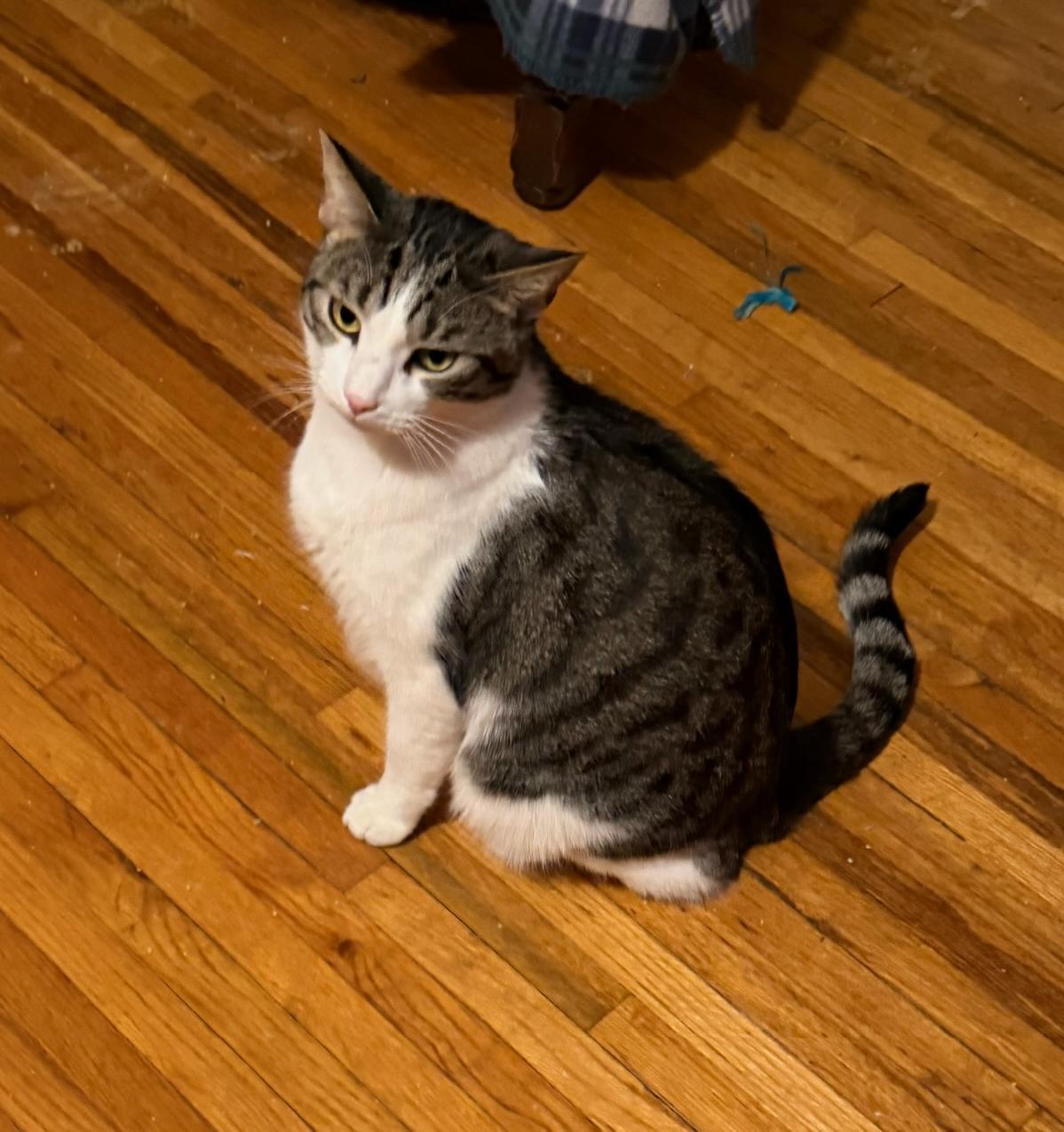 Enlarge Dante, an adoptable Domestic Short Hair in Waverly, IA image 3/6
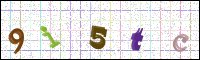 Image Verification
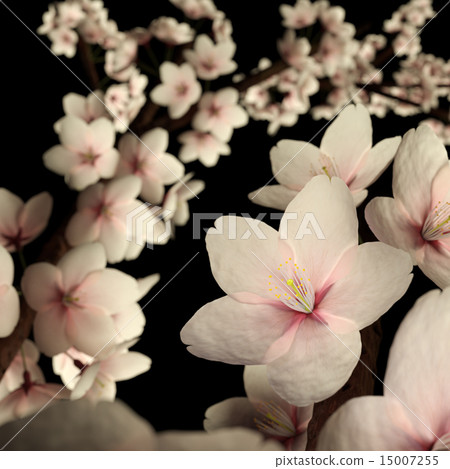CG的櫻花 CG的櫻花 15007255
──────
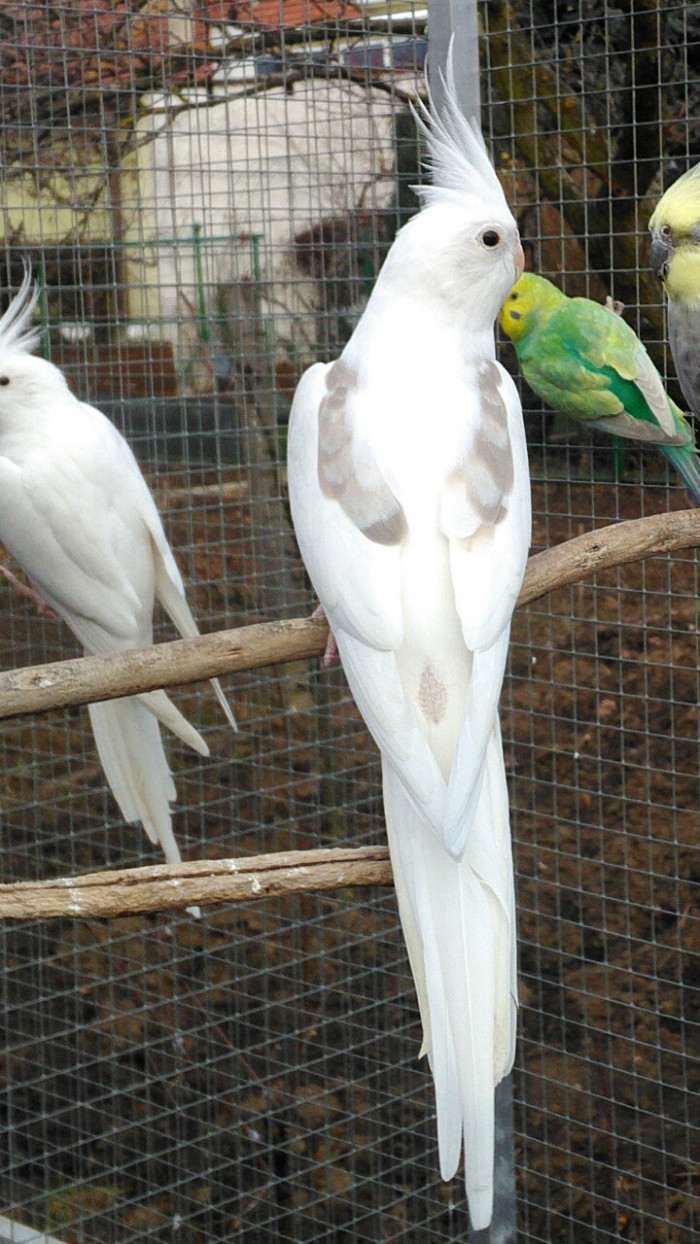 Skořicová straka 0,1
──────
## WHAT YOU NEED TO DO
Make an exact copy of the lines above, beginning with the line with "Enlarge Dante, an" and ending with the line with "CG的櫻花 CG的櫻花 15007255", and keep the pictures out of it.

## TASK OUTPUT
 Enlarge Dante, an adoptable Domestic Short Hair in Waverly, IA image 3/6
 Image Verification
CG的櫻花 CG的櫻花 15007255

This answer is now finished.